In the most recent iteration of this series, he says that Calderón popularity is in a free-fall, which is demonstrably untrue even in the poll to which he links, as he has lost three points in six months, and just 1.3 since February 2010; that "Mexico is one of the most “anti-American” countries in the world", despite the fact that just two Middle Eastern countries appeared among the 28 total nations on the list; and that the "violence in Libya pales in comparison with the thousands of civilians who have fallen in Mexico", which may be true if you are looking at the number of murders over a four-year period rather than, say, government gunships firing on crowds on the president's orders, but then, by that standard, the same negative comparison with Libya holds for the US as well.

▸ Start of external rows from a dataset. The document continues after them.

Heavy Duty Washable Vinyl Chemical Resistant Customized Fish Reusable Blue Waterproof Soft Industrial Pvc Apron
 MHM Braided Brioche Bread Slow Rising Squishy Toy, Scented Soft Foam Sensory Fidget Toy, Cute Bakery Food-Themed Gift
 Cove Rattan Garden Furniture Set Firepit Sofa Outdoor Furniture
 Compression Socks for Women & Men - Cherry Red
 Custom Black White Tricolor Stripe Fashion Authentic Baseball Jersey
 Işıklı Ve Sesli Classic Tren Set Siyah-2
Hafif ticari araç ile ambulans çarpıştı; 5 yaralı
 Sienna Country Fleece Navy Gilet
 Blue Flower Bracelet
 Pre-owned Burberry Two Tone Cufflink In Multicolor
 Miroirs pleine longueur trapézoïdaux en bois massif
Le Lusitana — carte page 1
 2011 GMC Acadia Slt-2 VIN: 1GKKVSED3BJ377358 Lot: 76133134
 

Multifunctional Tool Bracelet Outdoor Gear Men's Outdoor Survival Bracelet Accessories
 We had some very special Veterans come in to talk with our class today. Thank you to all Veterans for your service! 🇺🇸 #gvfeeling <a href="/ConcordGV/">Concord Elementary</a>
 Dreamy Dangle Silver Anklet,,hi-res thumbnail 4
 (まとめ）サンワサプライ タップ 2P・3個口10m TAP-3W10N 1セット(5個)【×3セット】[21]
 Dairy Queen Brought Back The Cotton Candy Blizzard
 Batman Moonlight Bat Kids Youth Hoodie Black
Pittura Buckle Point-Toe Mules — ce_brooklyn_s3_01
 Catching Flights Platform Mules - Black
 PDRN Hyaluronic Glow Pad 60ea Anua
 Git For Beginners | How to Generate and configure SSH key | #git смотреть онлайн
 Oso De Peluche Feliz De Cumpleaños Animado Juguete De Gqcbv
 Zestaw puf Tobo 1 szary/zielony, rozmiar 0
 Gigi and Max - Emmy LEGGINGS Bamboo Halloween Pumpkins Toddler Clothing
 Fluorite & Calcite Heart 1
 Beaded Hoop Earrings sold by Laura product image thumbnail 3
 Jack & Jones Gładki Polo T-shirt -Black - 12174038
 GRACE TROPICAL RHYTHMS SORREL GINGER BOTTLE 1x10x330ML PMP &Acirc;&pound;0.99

And then there's the piece's second sentence, which seems to forecast a new Mexican Revolution:
The Mexican people are getting increasingly frustrated with the failure of President Felipe Calderón to win the “drug war” and resolve their basic needs. They could soon take matters into their own hands.
So much of this is lacking in basic common sense.

2 comments:

malcolm said...

"They could soon take matters into their own hands."

This is the worst throwaway line I've ever read in Newsweek (and I've written my fair share.) What does this mean exactly?

Where are all my old editors?

I usually don't mind Ackerman's stuff, but this one is nonsense and has no basis in reality or fact.

pc said...

I really think he adopts a different tone in the American stuff. On the ins and outs of Mexican law, he's a totally different person: more fact-based, fewer broadsides. And overall, much better.